Rick Jakubowski

Medium firms (26-100 employees) sit at the centre of the legal market’s compliance evolution. They’re too large to rely on informal processes, yet not big enough to have the specialist departments of larger peers. This creates a delicate balancing act.
Legl’s State of Compliance 2025 report shows a group that’s adapting fast - every medium firm we surveyed made compliance changes in the past year - but often under heavy strain. Confidence is solid, despite time and capacity remaining constant pressures.
In this article, we’ll explore what our survey findings reveal about the state of compliance for medium firms in 2025.
To see the complete findings, download the State of Compliance 2025 report today.
Where medium firms excel
Medium firms often combine the best of both worlds – the responsiveness of smaller practices with the structure of larger ones. Indeed, our findings show a segment that’s moving with intent: adapting quickly, gaining confidence in their abilities, and building shared accountability throughout the firm.
Leading the pace of change
According to our survey, no segment has been more active in responding to evolving AML and regulatory expectations. Every medium firm in our survey made at least one compliance change in the past 12 months – the only group where that figure reached 100%.
That responsiveness reflects both pressure and intent. Medium firms are often at the stage where growth brings greater scrutiny, but without the fully dedicated compliance infrastructure of larger peers.
As a result, they feel regulatory shifts quickly and move quickly to adapt.
Cautious confidence
Medium firms are increasingly confident in their own capability. Forty-two percent say their compliance teams are fully equipped – the highest of any group. When asked “Which of the following are areas you’re actively developing within your team?” 68% point to strengthening regulatory knowledge, while 50% are focused on improving workflow design.
That mix of investment shows that medium firms aren’t getting ahead of themselves. While many feel fully equipped right now, they recognise that compliance teams always benefit from greater knowledge and better processes. Knowledge strengthens decision-making, while workflow design ensures it’s applied consistently.
The takeaway is a quiet but significant one: medium firms aren’t just reacting to regulation, they’re professionalising their response to it.
Balancing accountability and enablement
When asked what would most improve collaboration with fee-earners, compliance professionals at medium firms leaned heavily on accountability (23%) and training (38%).
This suggests a shift in how medium firms view compliance. Rather than seeing it as a function owned by one team, they’re beginning to frame it as a shared responsibility that depends on clarity and capability across the firm.
It’s a subtle but important development. Compliance is moving from process to culture – built not just on systems, but on shared intent and mutual accountability.
Where medium firms struggle
While medium firms are the most active in adapting to regulation, high levels of activity doesn’t always translate into ease. Our survey showed that medium firms struggle with three recurring pain points: time pressure, tool fragmentation, and hesitation about where to invest next.

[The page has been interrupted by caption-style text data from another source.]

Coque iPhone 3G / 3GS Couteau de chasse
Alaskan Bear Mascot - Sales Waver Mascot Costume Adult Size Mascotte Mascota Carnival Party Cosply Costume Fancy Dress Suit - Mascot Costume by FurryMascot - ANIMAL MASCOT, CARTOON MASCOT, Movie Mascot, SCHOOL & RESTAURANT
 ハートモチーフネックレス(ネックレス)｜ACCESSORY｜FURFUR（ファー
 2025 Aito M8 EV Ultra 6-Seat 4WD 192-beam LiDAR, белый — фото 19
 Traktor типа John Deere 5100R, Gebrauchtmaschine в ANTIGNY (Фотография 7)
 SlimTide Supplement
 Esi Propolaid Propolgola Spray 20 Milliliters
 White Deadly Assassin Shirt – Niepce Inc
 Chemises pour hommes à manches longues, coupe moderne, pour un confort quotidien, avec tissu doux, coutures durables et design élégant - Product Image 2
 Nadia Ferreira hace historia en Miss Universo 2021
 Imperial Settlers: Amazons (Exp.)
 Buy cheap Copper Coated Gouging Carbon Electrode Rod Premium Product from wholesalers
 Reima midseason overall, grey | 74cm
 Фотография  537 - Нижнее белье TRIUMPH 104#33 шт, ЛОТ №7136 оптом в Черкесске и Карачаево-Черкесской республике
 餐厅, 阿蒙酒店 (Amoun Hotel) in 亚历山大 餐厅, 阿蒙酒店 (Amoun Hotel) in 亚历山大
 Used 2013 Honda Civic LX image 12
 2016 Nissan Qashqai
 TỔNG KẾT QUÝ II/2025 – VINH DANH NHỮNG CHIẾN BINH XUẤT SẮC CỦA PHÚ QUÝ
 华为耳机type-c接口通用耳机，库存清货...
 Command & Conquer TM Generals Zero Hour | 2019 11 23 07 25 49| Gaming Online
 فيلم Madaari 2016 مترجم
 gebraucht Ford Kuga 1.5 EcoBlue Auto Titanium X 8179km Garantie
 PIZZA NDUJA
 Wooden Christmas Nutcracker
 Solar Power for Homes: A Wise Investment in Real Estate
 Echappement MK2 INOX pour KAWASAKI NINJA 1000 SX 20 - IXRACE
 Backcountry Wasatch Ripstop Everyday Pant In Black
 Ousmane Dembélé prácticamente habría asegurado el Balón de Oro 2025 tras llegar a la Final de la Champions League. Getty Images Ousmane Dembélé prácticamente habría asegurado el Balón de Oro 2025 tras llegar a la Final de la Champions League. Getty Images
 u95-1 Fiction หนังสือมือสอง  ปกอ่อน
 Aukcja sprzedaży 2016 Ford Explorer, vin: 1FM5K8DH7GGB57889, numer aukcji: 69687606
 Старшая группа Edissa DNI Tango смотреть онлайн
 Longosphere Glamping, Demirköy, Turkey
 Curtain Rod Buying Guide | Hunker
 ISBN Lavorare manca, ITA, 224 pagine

Managing fee-earner time pressure
Ninety-five percent of medium firms cite fee-earner time pressure as one of their biggest compliance challenges – more than any other group. It’s the cost of being caught between scale and structure. Compliance has grown into a shared function, but few medium firms have the dedicated support that large firms rely on.
Time-poor fee-earners are forced to juggle client-facing work with compliance demands. Ultimately, however, they’re judged on billable hours - meaning compliance duties often slip down their to-do list.
This leaves compliance teams in a tough spot, trying to enforce consistency without slowing things down.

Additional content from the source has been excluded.